Ash Bellett
Ash Bellett

Reputation: 13

How to create a dictionary of dictionaries using dict comprehension?

I am trying to create a dictionary of dictionaries using a dict comprehension over a list of lists.

The list of lists contains student names, assignment names and grades. For example, the data could look like this:

grades_lists = [
    ['Student', 'Test', 'Assignment', 'Exam'],
    ['Bella', '80', '90', '100'],
    ['Sam', '65', '75', '85'],
    ['Emily', '60', '75', '90'],
]

I want to create a dictionary that maps the student names to dictionaries containing the assignment name and grade. For example:

grades_dicts['Bella']['Test'] == 80

The dictionary I would like is this:

{
    'Bella': {'Test': 80, 'Assignment': 90, 'Exam': 100},
    'Sam': {'Test': 65, 'Assignment': 75, 'Exam': 85},
    'Emily': {'Test': 60, 'Assignment': 75, 'Exam': 90}
}

so each row in grades_list becomes a dictionary; the first column is the name of the student, the other columns are values in a dictionary whose keys are taken from the first row from grades_list.
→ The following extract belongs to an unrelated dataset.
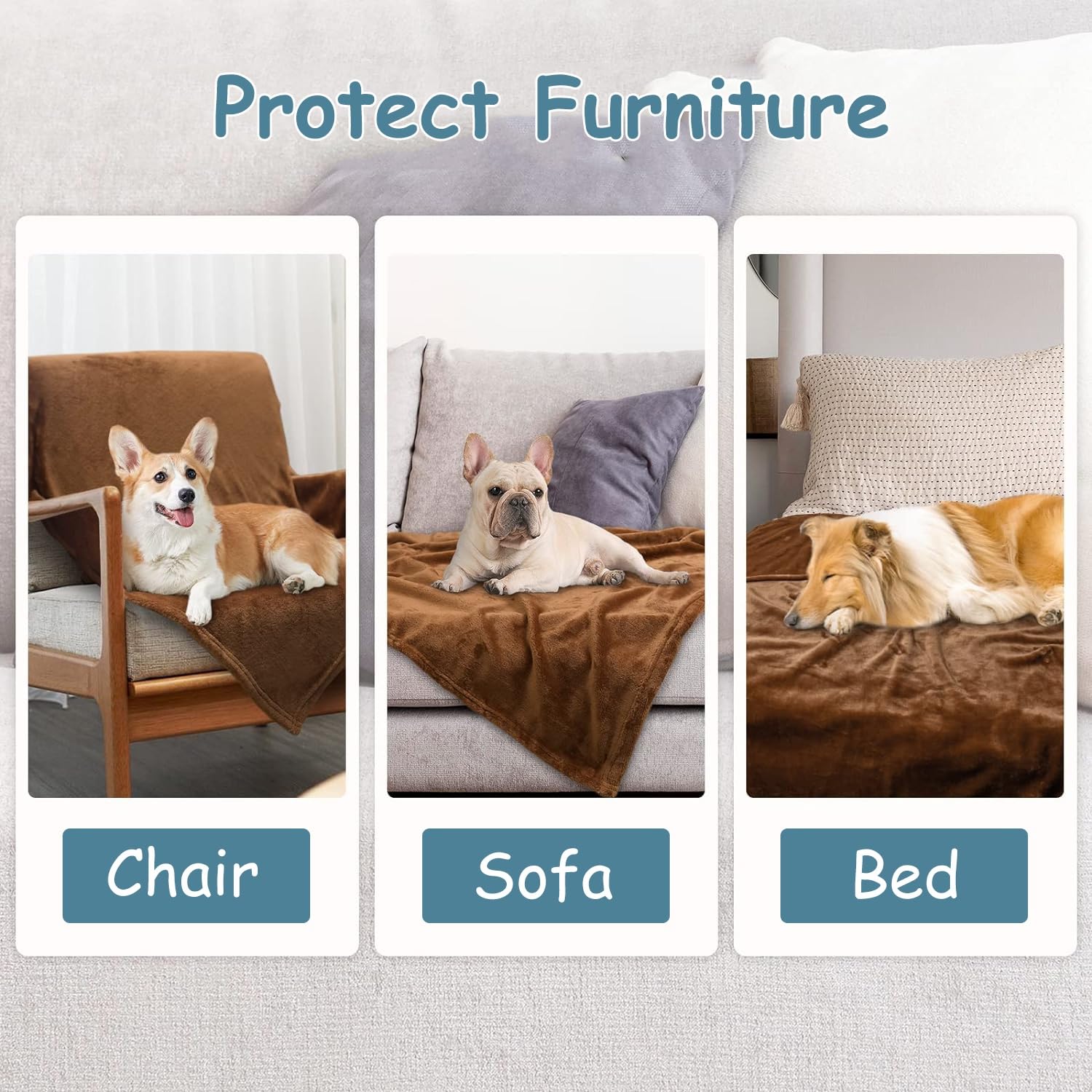 Couverture Pour Chien Réversible Chien Hydrofuge Protection Pour Canapé Lavable En Machine Pour Chiens Et Chats Couverture De Chien Imperméable Pour Chiot Pour Protecteur De Meubles Lavable ( Color :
I have been trying to use dict comprehension to generate the corresponding keys and values in the dictionaries. Something like this:

grade_dicts = {x[0]:{y:z} for y in grades_lists[0][1:] for x in grades_lists[1:] for z in x[1:]}

But this does not generate all of the grades correctly:

{
    'Bella': {'Exam': '100'},
    'Emily': {'Exam': '90'},
    'Sam': {'Exam': '85'}
}

Upvotes: 1

Views: 5119

Answers (1)

Martijn Pieters
Martijn Pieters

Reputation: 1121524

You got your nesting mixed up. The following works:

{name: {col: int(value) for col, value in zip(grades_list[0][1:], row)}
 for name, *row in grades_list[1:]}

The for name, *row in ... loop takes each row, and extracts just the first value into name, the remainder into row (the * tells Python to take the remainder). This lets you then use the row together with the column names from the first row to create the nested dictionaries.

It is often easier to see what a comprehension does by using regular loops. Your code does this:

grade_dicts = {}
for y in grades_lists[0][1:]:
    for x in grades_lists[1:]:
        for z in x[1:]:
            grade_dicts[x[0]] = {y:z}

That's way too many loops, and you end up setting a value for x[0] several times; len(x[1:]) times in fact. Only the last {y: z} dictionary remains.

My version does this:

grade_dicts = {}
for name, *row in grades_list[1:]:
    inner = {}
    for col, value in zip(grades_list[0][1:], row):
        inner[col] = int(value)
    grade_dicts[name] = inner

That's just two loops, where the inner produces a separate dictionary for each column. I used zip() to pair up the labels and the values.